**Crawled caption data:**

-*-

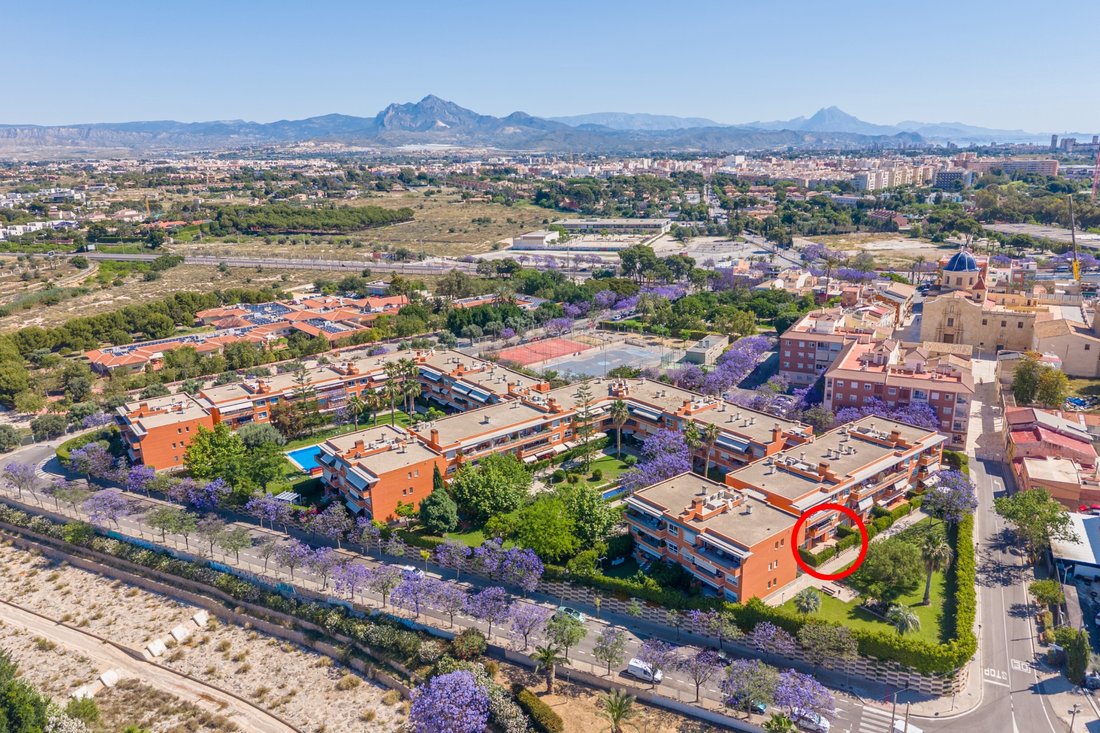 Apartment in Alicante, Valencian Community, Spain 4 - 18083115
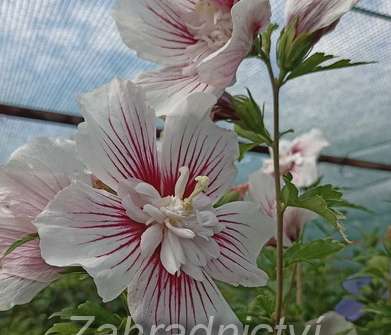 ibišek - Hibiscus syriacus 'Stardust Chiffon'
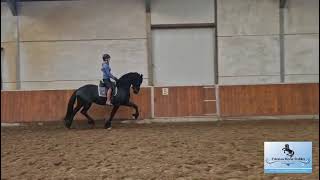 Impression riding video of Sjolke Friesian Ster stallion Tymen 503 Sport Elite x Hessel 480 Spor [upl. by Aihsekan]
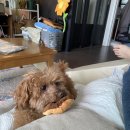 해피히어 이미지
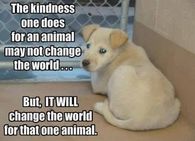 for an animal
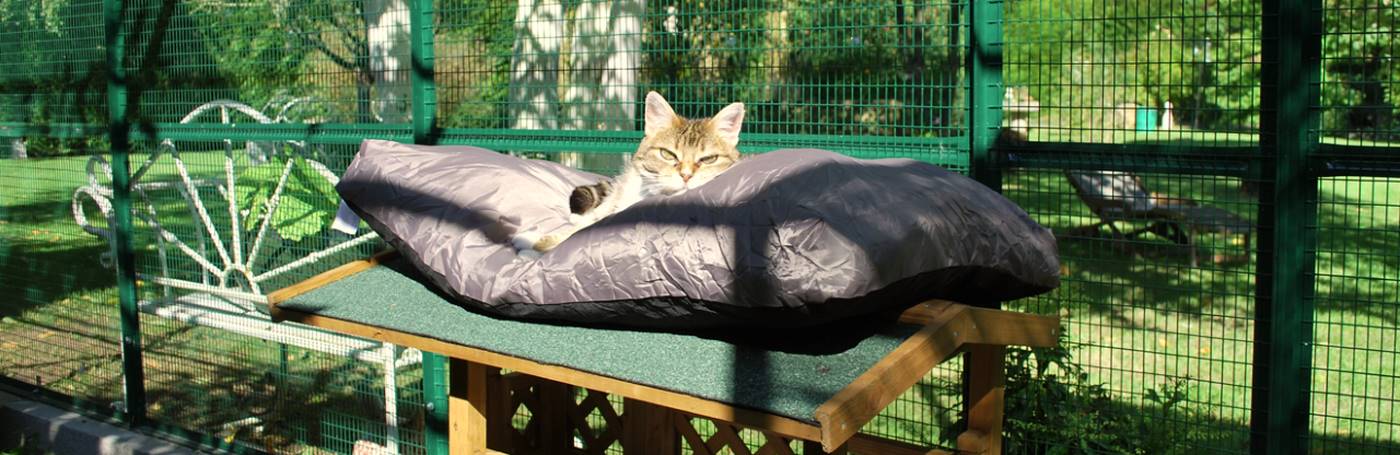 Enclos et abris pour chats Enclos et abris pour chats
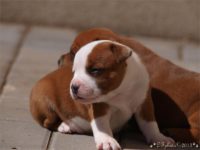 Staffordshire Bull Terrier - litter C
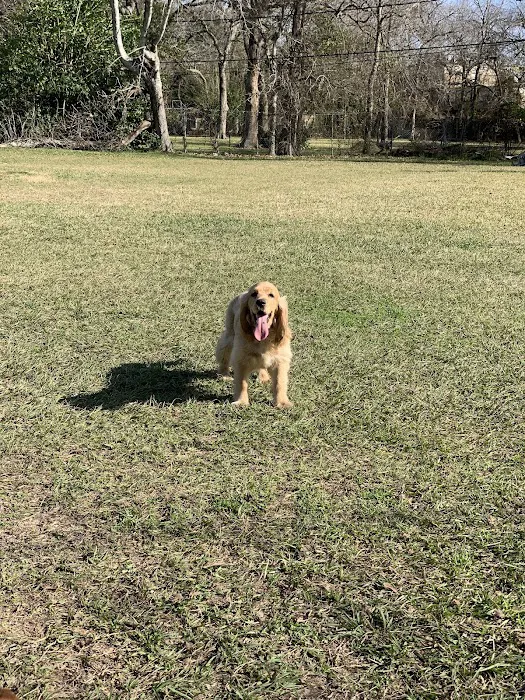 Robindell Dog Run 2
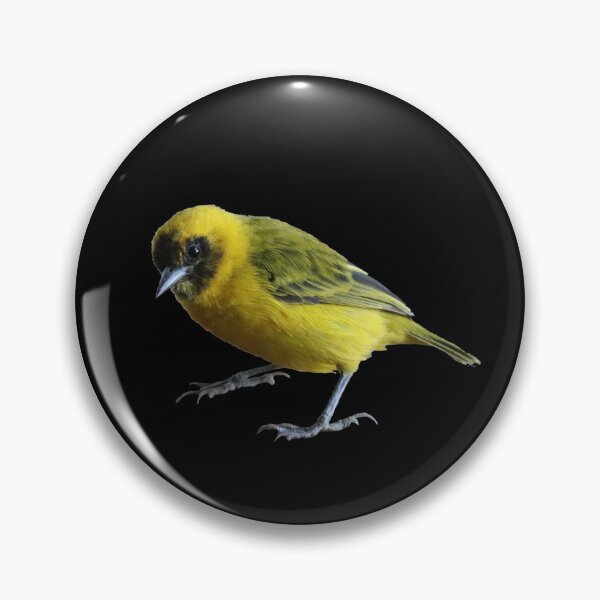 Item preview, Weaver bird designed and sold by Proud & Pretty Wildlife Photography.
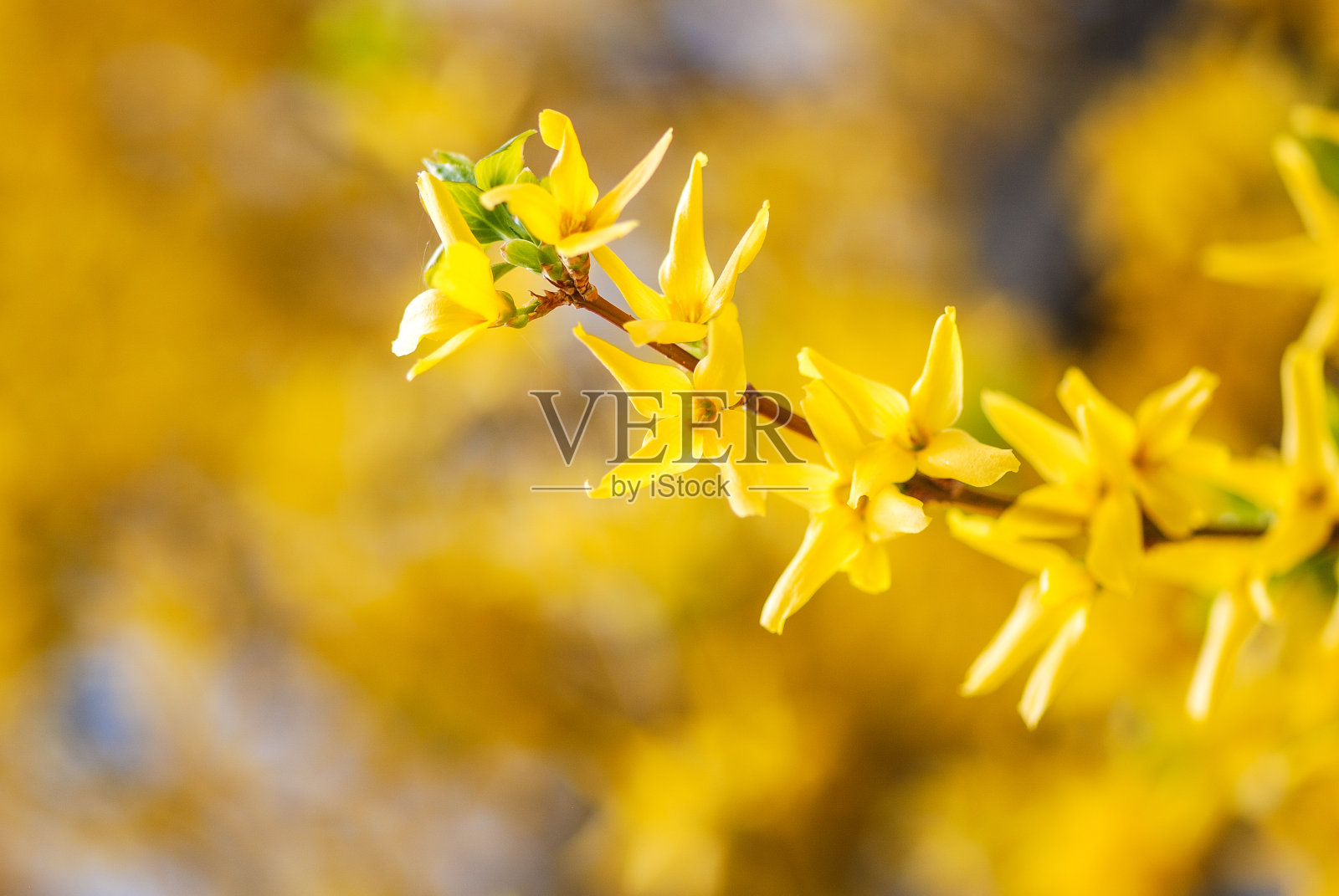 连翘照片摄影图片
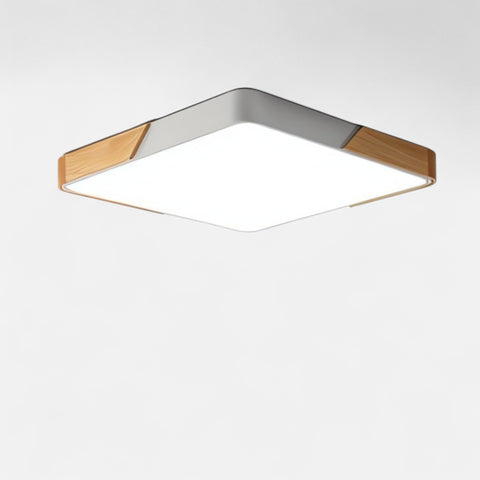 Modern LED Ceiling Lamp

-*-

**WORK INSTRUCTION:**
Leave the pictures out, and copy exactly each line from the one containing "Item preview, Weaver" through the final line of the data.

**YOUR RESPONSE:**
 Item preview, Weaver bird designed and sold by Proud & Pretty Wildlife Photography.
 连翘照片摄影图片
 Modern LED Ceiling Lamp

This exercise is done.